Another issue is being able to do consistent reporting on top of the data available in multiple applications and every time we need data we have to write business logic to how to combine the data and transform it based on the needs of reporting or another application. For example, customer, order and inventory reside in multiple apps and it’s tough to bring all of it together by invoking API’s every time, which is dependent on the individual applications not being down for maintenance or other integration issues.
Microservices and Data Lake
Pattern: CQRS – Command Query responsibility segregation
The thought of building a data lake comes from the backdrop on how to effectively remove the above bottleneck of application integration and solve it by bringing in all the data from multiple domains together under one roof.
The data can be structured depending on the source or unstructured like pictures of devices, employees, customers, etc. the idea is to build a consolidated repository of bringing all the DB’s in the enterprise and house them together.
How will this help?
1. In the above solution, the team and BA’s who understand the data can segment the data based on domain coming from multiple sources
2. The data can now be modeled independent of the source and kept in the DB of our choice like (SQL/NoSQL)
3. The dependency of building the API’s can now be more distributed and decentralized
4. There is no need of doing point to point integration, as every one who needs the data(aggregated) can now consume those API’s
5. Better API Management and Security
6. Data is now available for unified reporting
7. Source Applications can now dedicate the resources towards writes vs reads, which helps in increasing performance
8. Doing Machine learning and Analytics on Data Lake will help in solving some of the enterprise use-cases which was not possible before when the data was distributed
Building Connectors/Data extractors
Pattern : Smart endpoints, dumb pipes
When we start with the above challenge the first and foremost challenge is to build connectors or data extractors to pull data from the applications. Based on experience most of the time you have to pull the data directly from the database which the application uses.

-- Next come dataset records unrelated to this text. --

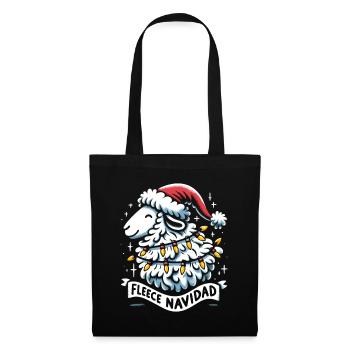 Fleece Navidad Weihnachten Geschenk Lustig Sprüche - Stoffbeutel - Schwarz - Vorne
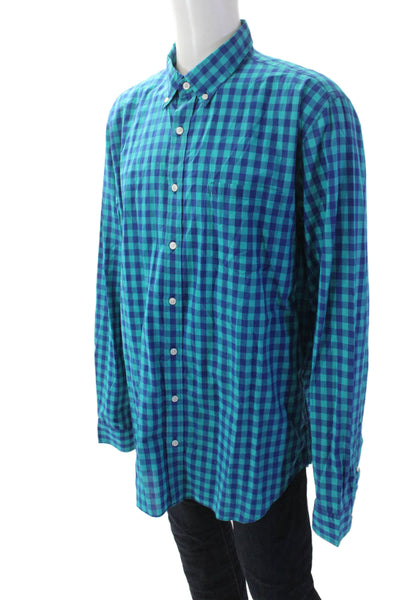 J Crew Mens Cotton Checkered Collared Button Up Shirt Blue Size XLT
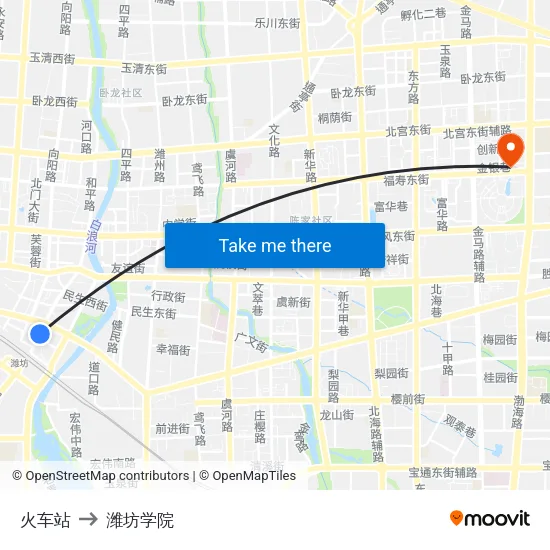 火车站 to 潍坊学院 map
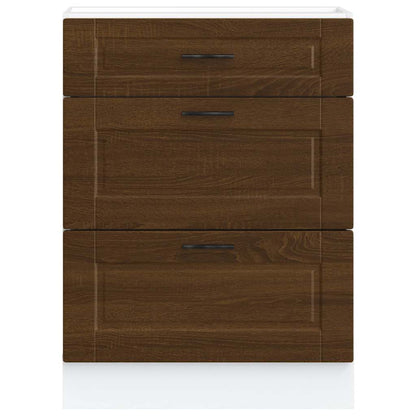 vidaXL Meuble bas de cuisine Porto aspect chêne marron bois d'ingénierie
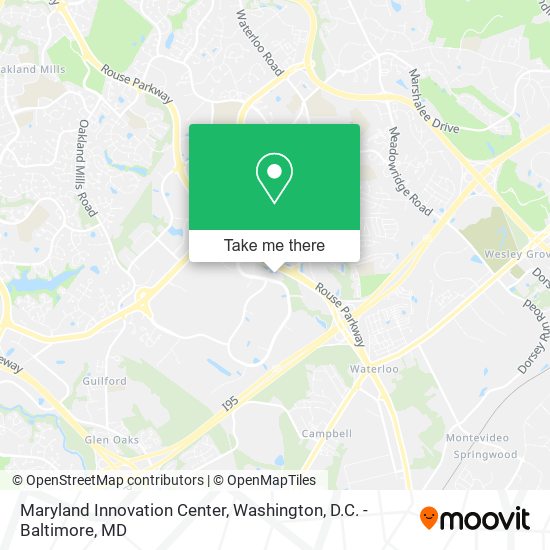 Mapa de Maryland Innovation Center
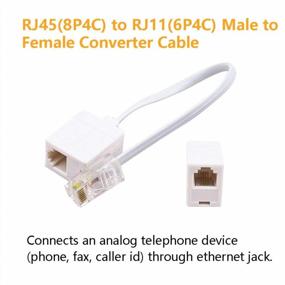 img 2 attached to Uvital Ethernet To Telephone Converter Adapter, RJ45 8P4C Male To RJ11 6P4C Female Connector Cable For Home Or Office (White, 4 Pack)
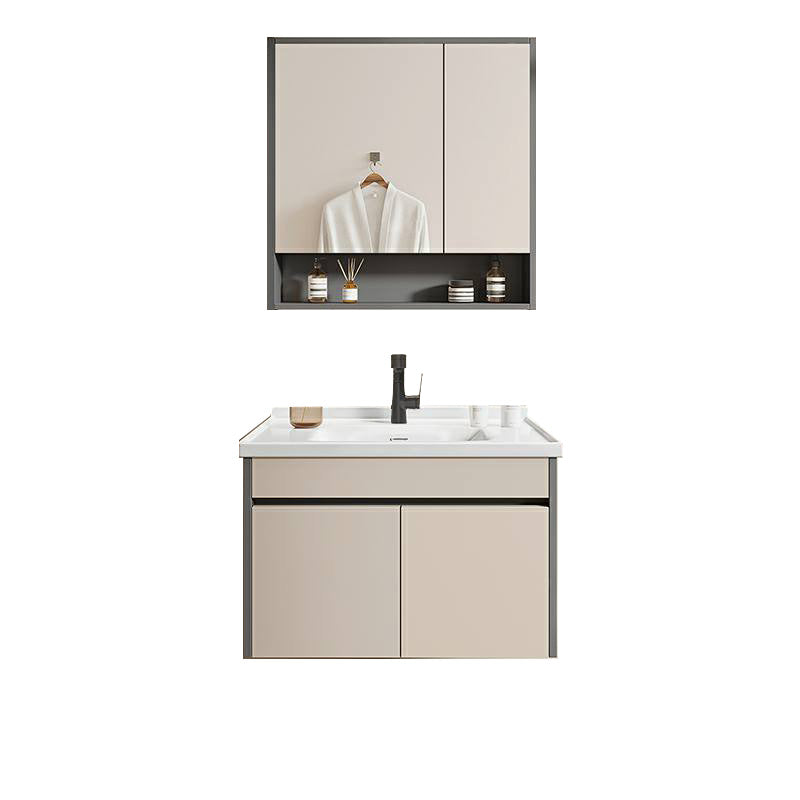 Contemporary Bathroom Sink Vanity Wall Mount Open Shelf with Soft Close Door Bathroom Vanity & Liftable Pull Out Faucet & Mirror Cabinet 24"L x 19"W x 16"H Clearhalo 'Bathroom Remodel & Bathroom Fixtures' 'Bathroom Vanities' 'bathroom_vanities' 'Home Improvement' 'home_improvement' 'home_improvement_bathroom_vanities' 8215924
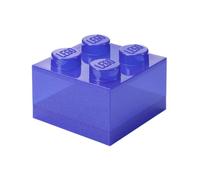 Room Copenhagen Boîte de rangement LEGO 4 boutons – empilable, avec couvercle – Violet pailleté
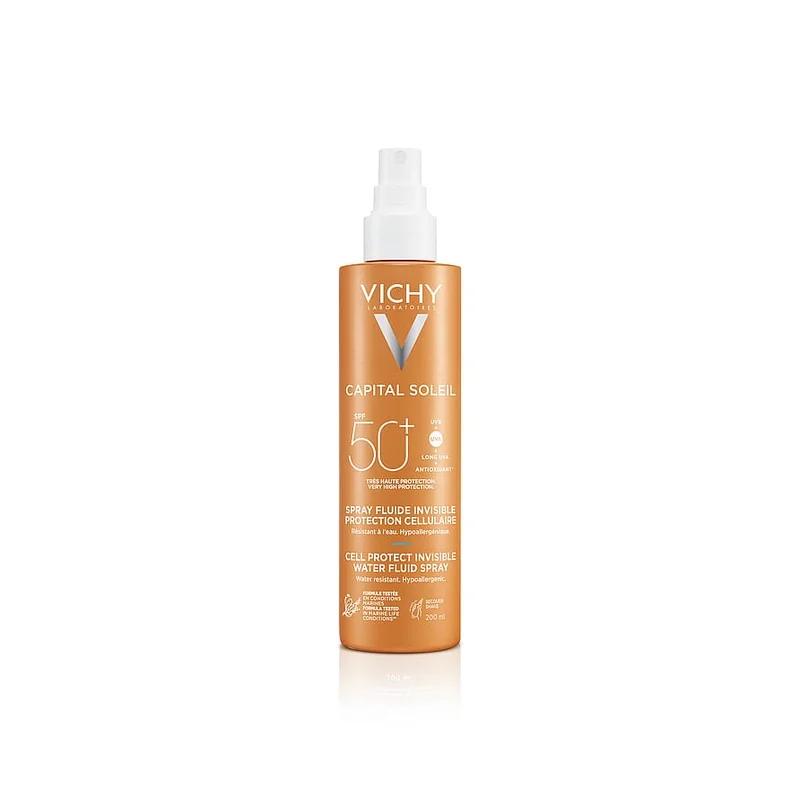 Vichy Capital Soleil Cell Protect Solspray SPF50+ 200 ml, Hudpleje, Solcreme, Solcreme Til Ansigtet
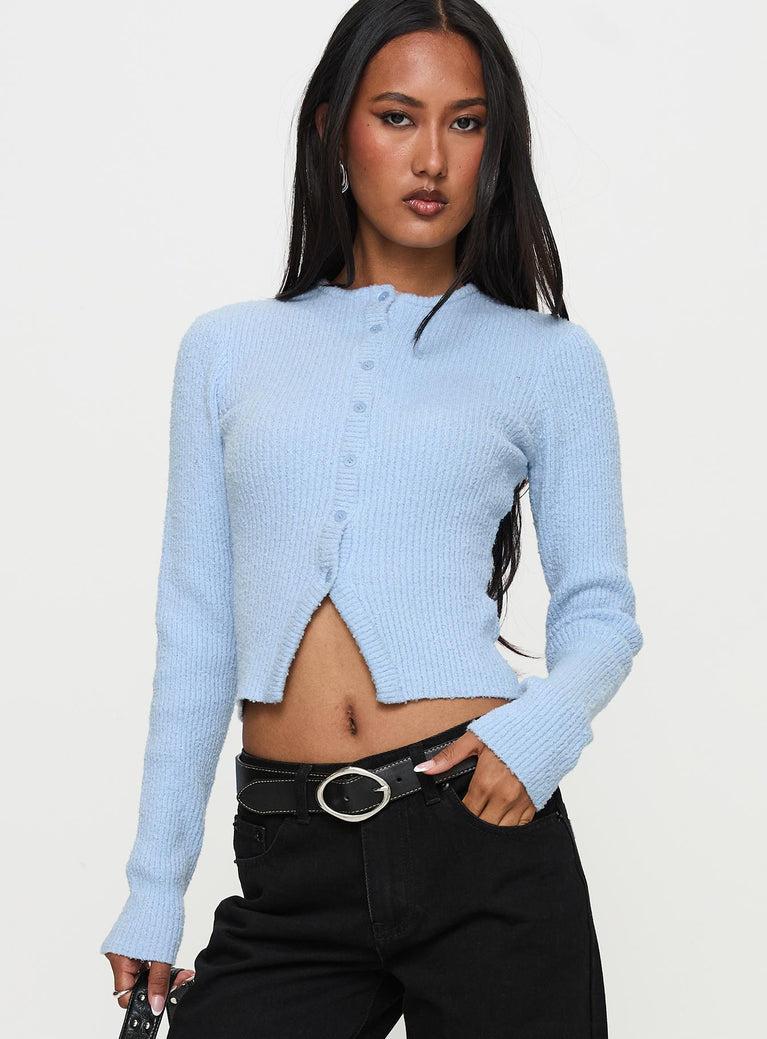 Suzu Long Sleeve Knit Top Blue Product Image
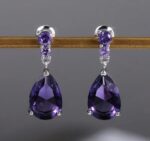 By Queen Σκουλαρίκια S925 Teardrop Amethyst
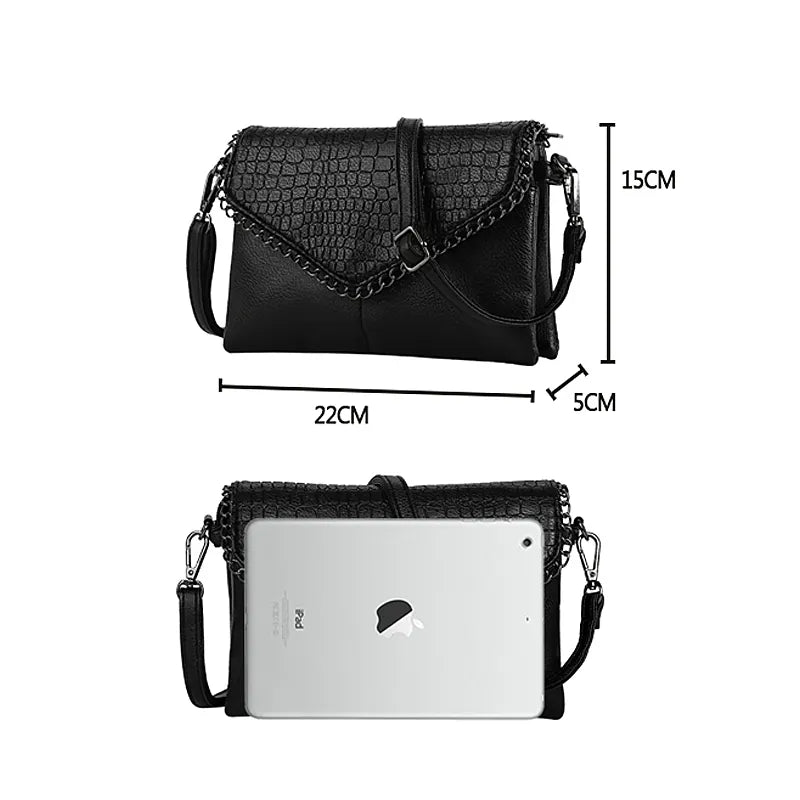 Women Alligator Chains Envelope Clutch Bag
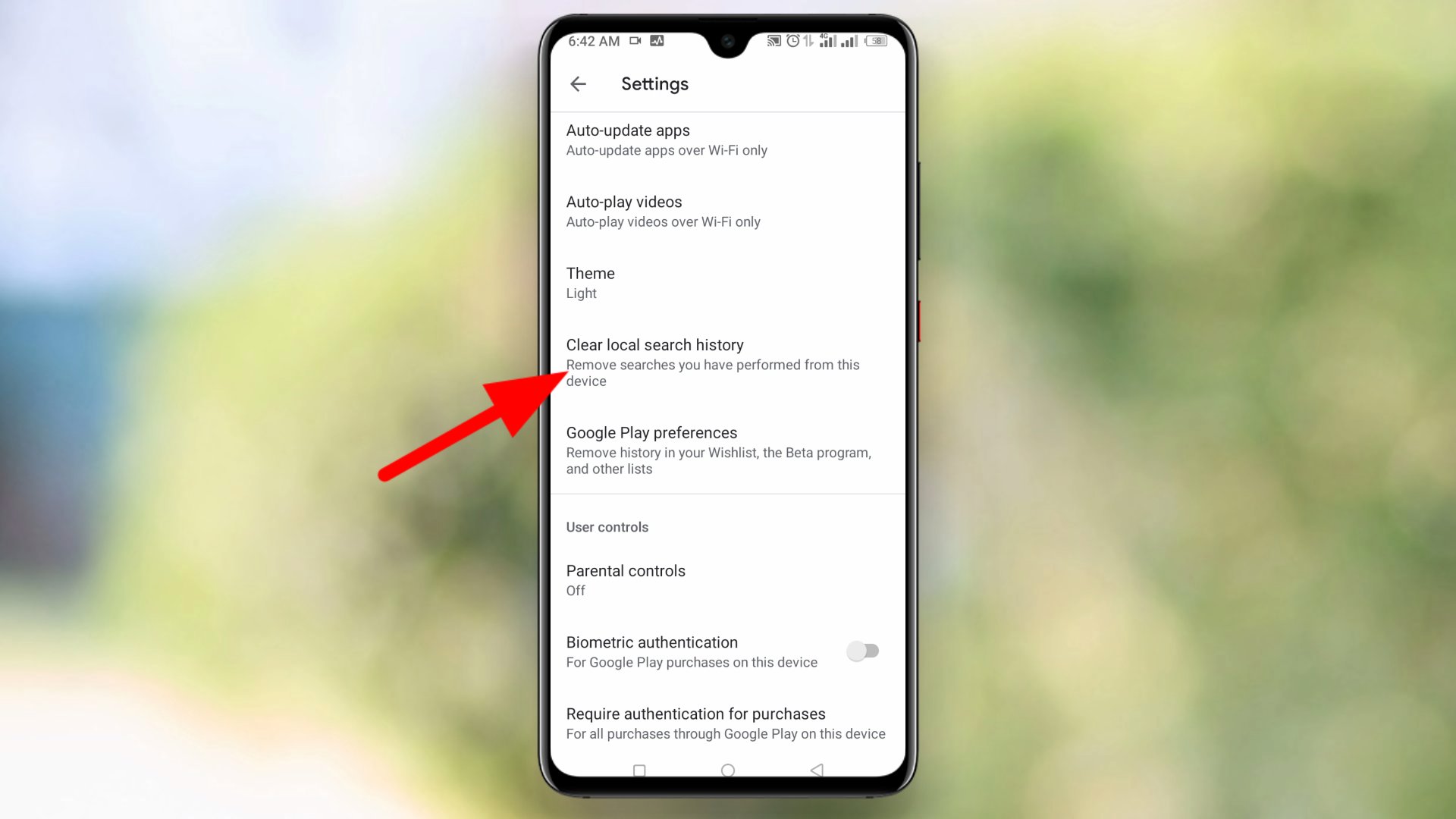 clear local search history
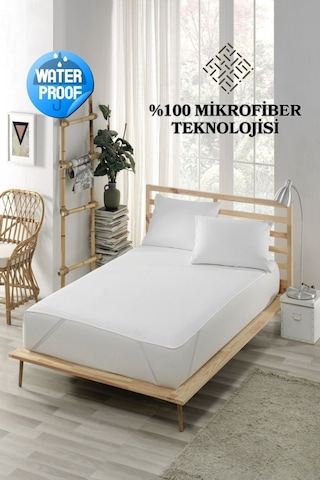 Sıvı Geçirmez Alez Mikro 4 Köşe Lastikli Yatak Koruyucu Beyaz Tek Kişilik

The job of the extractors is to pull the data and push it to a Messaging layer/Pub Sub platform (eg. Kafka), the applications can also push or stream the data to the pub/sub platform. These pipelines will not be storing any transformation rules, etc.
Once the data is successfully being posted to a messaging layer it can be streamed to a cloud/platform of our choice to be later pushed to Data Lake – Staging layer.
Now we have the data being collected in Stage later, next step is to cleanse, prep, transform, aggregate the data based on domains and store it in a data store which is more suitable based on Data Query/Data Ingestion.
Once we have the data collected for a domain, we can now have a reusable API layer for the data to be available over HTTP/GRPC/GQL/JDBC/ODBC. Most of the API’s are read-only API’s leveraging GET calls only.
Following the above strategy of building a Data lake and Micro Services actually speeds up the integration and creates assets which can be leveraged for building applications like Customer 360, Asset Lifecycle, etc. It also helps with MDM strategy, with creating a repository or doing effective reporting, analytics, and machine learning.